Everyone who lived in San Francisco before the fire remembers Ricardo, he of the one eye, who served so well at Luna's, on Vallejo and Dupont streets. Ricardo had but one eye but he could see the wants of his patrons much better than many of the later day waiters who have two. Luna's brought fame to San Francisco and in more than one novel of San Francisco life it was featured. Entering the place one came into the home life of the Luna family, and reached the dining room through the parlor, where Mrs. Luna, busy with her drawn work, and all the little Lunas and the neighbors and their children foregathered in the window spaces behind the torn Nottingham curtains which partially concealed the interior from passers on the street. The elder sons and daughters attended to the wants of those who fancied any of the curios displayed in the long showcase that extended from the door to the rear of the room.
Passing through this family group one came to the curtained dining room proper, although there were a number of tables in the family parlor to be used in case of a rush of patrons. Luna's dinners were a feature of the old San Francisco. They were strictly Mexican, from the unpalatable soup (Mexicans do not understand how to make good soup) to the "dulce" served at the close of the meal. First came the appetizers in form of thin slices of salami and of a peculiar Mexican sausage, so extremely hot with chili pepino as to immediately call for a drink of claret to assuage the burning. Then came the soup which we experienced ones always passed over. The salad of modern tables was replaced by an enchilada, and then came either chili con carne or chili con polle according to the day of the week, Sundays having as the extra attraction the chili con pollo, or chicken with pepper. In place of bread they served tortillas, which were rolled and used as a spoon or fork if one were so inclined. Following this was what is known among unenlightened as "stuffed pepper," but which is called by the Spanish, from which country it gets its name, "chili reinas." To signify. the close of the meal came frijoles fritas or fried beans, and these were followed by the dessert consisting of some preserved fruit or of a sweet tamale.

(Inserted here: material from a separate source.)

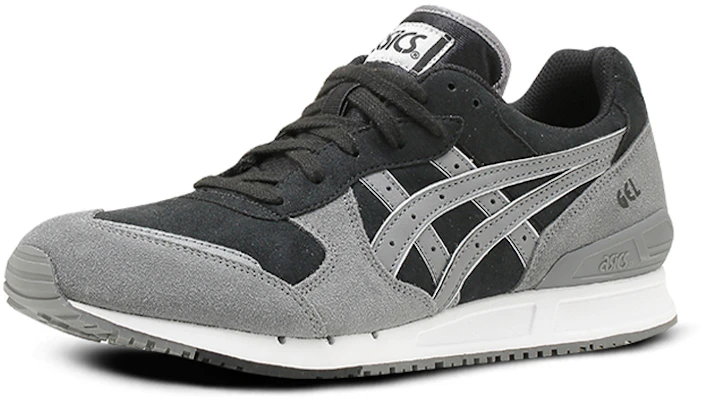 ASICS Gel-Classic ''Noir Gris'' H6F2N-9011 Lookbook ASICS Gel-Classic ''Noir Gris'' H6F2N-9011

Fifty cents paid the bill and a tip of fifteen cents to Ricardo made him as happy and as profuse with his thanks as the present day waiter on receipt of half a dollar.

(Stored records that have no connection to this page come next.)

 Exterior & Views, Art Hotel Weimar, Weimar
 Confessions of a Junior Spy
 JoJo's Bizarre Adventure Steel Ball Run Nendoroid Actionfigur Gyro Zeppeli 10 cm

Accepting Luna's as the best type of the Mexican restaurant of the days before the fire, our inquiry developed the fact that the dish on which he specialized was chili reinas, and this is the recipe he used in their preparation:
Roast large bell peppers until the skin turns black. Wash in cold water and rub off the blackened skin. Cut around the stem and remove the seed and coarse veins. Take some dry Monterey cheese, grated fine, and with this fill the peppers, closing the end with a wooden toothpick.
Prepare a batter made as follows: Beat the yolks and whites of six eggs separately, then mix, and stir in a little flour to make a thin batter. Have a pan of boiling lard ready and after dipping the stuffed pepper into the batter dip it into the lard. Remove quickly and dip again in the batter and then again in the lard where it is to remain until fried a light, golden brown, keeping the peppers entirely covered with the boiling lard.
Take the seeds of the peppers, one small white onion and two tomatoes, and grind all together into a pulp, add a little salt and let cook ten minutes. When the chilies are fried turn the remainder of the batter into the tomatoes and boil twenty minutes, then turn this sauce over the peppers.
This is a most delicious dish and can be varied by using finely ground meat to stuff the peppers instead of the cheese.
Mexican restaurants of the present day in San Francisco are a delusion, and unsatisfactory.